◆ What to produce
In the entries below, find the line with "15153 West Redfield" and the line with "Behind the Making of 'All Rise' with Blue". Return those two lines and all lines between them, exactly.

*** Opening Data extracts ***

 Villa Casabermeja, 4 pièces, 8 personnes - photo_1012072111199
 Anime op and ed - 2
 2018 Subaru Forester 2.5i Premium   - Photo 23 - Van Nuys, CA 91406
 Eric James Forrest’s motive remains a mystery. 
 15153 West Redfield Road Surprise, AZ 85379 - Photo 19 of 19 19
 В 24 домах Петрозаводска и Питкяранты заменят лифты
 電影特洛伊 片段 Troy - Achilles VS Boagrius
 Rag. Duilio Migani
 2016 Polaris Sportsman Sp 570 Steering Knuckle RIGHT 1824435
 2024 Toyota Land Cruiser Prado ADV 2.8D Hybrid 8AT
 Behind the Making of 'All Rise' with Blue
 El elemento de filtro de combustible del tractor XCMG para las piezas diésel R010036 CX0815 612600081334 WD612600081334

*** Closing Data extracts ***

◆ Response to this task
 15153 West Redfield Road Surprise, AZ 85379 - Photo 19 of 19 19
 В 24 домах Петрозаводска и Питкяранты заменят лифты
 電影特洛伊 片段 Troy - Achilles VS Boagrius
 Rag. Duilio Migani
 2016 Polaris Sportsman Sp 570 Steering Knuckle RIGHT 1824435
 2024 Toyota Land Cruiser Prado ADV 2.8D Hybrid 8AT
 Behind the Making of 'All Rise' with Blue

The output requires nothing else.